When I first visited this boho-chic Cambodian city in 2009, I was immediately besotted by its artistic vibe, ambling Parisian-inspired avenues and subtle energy. It wasn’t until a few weeks ago that I was finally able to return to this little enclave that I had fallen in love with four years ago, and I had to wonder…during the time passed, had I idealized Siem Reap’s charms? The resounding answer is a big fat no. In fact, the past few years have only added to its surprising allure, delighting with a plethora of new galleries, restaurants and hotels to occupy those non Angkor peeping days.
For the artistically inclined, a visit to The 1961 is in the cards. This imaginative art space owned by friendly Filipino artist Loven Ramos is decked out in whimsical sculptures created from repurposed items, vibrant paintings, handmade jewelry, striking photography, vintage inspired posters–you name it art-wise and it’s probably there.
During my visit, the gallery featured an exhibit called Seedlings: Young Cambodian Voices. This multimedia exhibit tastefully showcased the photography, words and films of local Cambodian students. From photos of a mother and baby to a film about the day-to-day playing out in a Cambodian village, I felt that the exhibit was a keen snapshot that captured the nuances of life for modern young Cambodians.
In addition to the gallery and cafe, The 1961 acts as an artist’s retreat and hotel, where “artists, art enthusiasts and travelers seeking creative nourishment” are encouraged to add personal flourishes to the space during their stay. Next time I’m in Siem Reap, I’d love to stay and let the creative energy imbue my writing with newfound vibrancy.

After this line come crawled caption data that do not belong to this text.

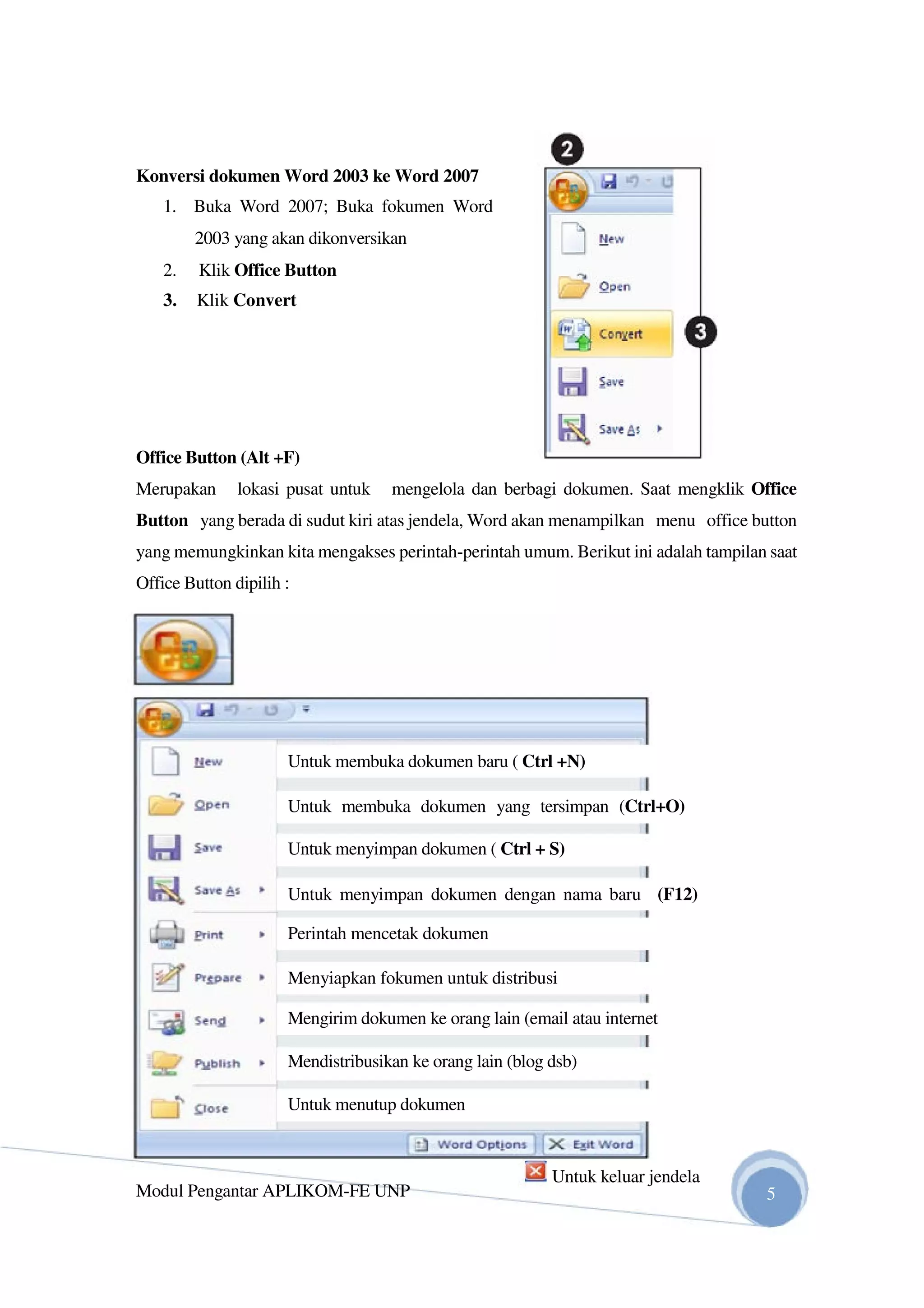 Konversi dokumen Word 2003 ke Word 2007
1. Buka Word 2007; Buka fokumen Word
2003 yang akan dikonversikan
2. Klik Office Button
3. Klik Convert
Office Button (Alt +F)
Merupakan lokasi pusat untuk mengelola dan berbagi dokumen. Saat mengklik Office
Button yang berada di sudut kiri atas jendela, Word akan menampilkan menu office button
yang memungkinkan kita mengakses perintah-perintah umum. Berikut ini adalah tampilan saat
Office Button dipilih :
Untuk membuka dokumen baru ( Ctrl +N)
Untuk membuka dokumen yang tersimpan (Ctrl+O)
Untuk menyimpan dokumen ( Ctrl + S)
Untuk menyimpan dokumen dengan nama baru (F12)
Perintah mencetak dokumen
Menyiapkan fokumen untuk distribusi
Mengirim dokumen ke orang lain (email atau internet
Mendistribusikan ke orang lain (blog dsb)
Untuk menutup dokumen
Modul Pengantar APLIKOM-FE UNP
Untuk keluar jendela
5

Be sure to say hi to Vuitton the poodle, The 1961’s cute little mascot.
When stomachs start to rumble in Siem Reap, there is no shortage of places that will take care of said problem, pronto. As I mentioned in a previous post, Steve and I simply couldn’t get enough of Viva, the city’s resident Mexican restaurant, where the food was as close as I expect Mexican can be to authentic when served over 8,000 miles away from Mexico.
Though I love Mexican food, Italian also holds a special place in my palate, and thus I was thrilled to discover Il Forno Restaurant & Winery tucked away down a quiet alleyway off busy Pub Street.

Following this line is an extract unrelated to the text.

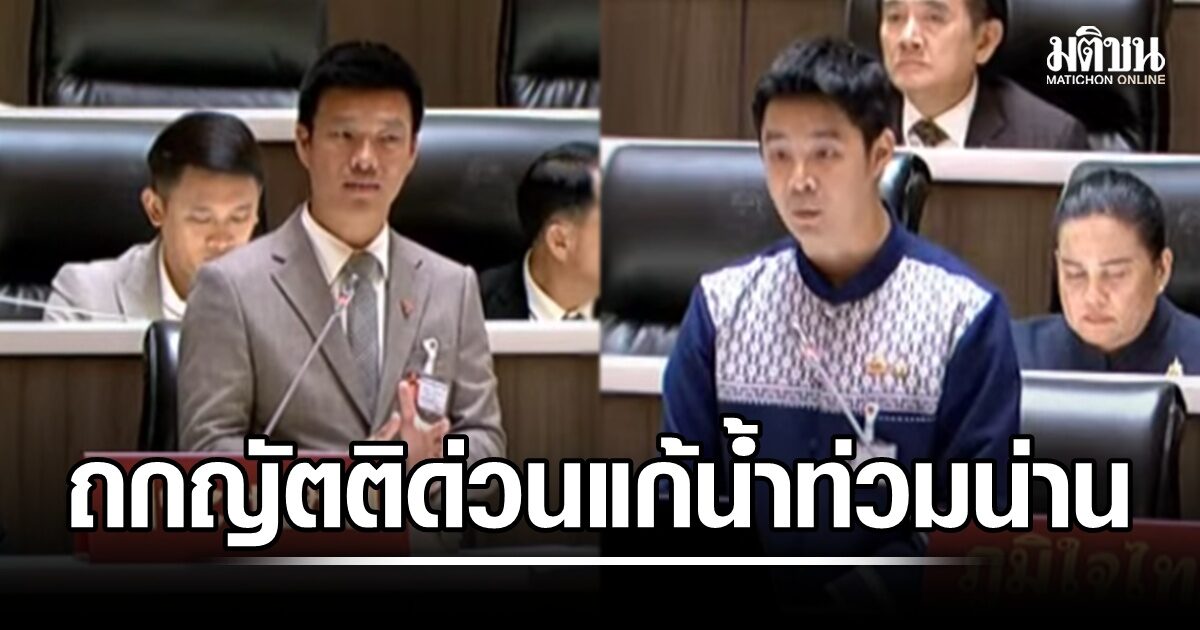 สภาฯ ถกญัตติด่วนแก้น้ำท่วมน่าน สส.ฝ่ายค้าน-รบ. ลุกหารือ เท้ง ชี้ ต้องบูรณาการแก้ปัญหา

A quick glance at the specials scrawled across the chalkboard, and I knew what I would order already. A frigid glass of prosecco (I love bubbles!), bruschetta and a plate of decadent homemade tagliatelle al pesto. Yum! The owners of Il Forno also own the indulgent Navutu Dreams Resort just outside of Siem Reap, which was so fantastic it deserves its very own post, coming later this week.
Due to unfortunate circumstances renewing our Thai visas, we were forced to stay in Siem Reap for nearly a week. Luckily, we stayed at the Golden Banana Bed & Breakfast Superior Hotel which made our time in Siem Reap feel more like a luxury vacation than a forced exile.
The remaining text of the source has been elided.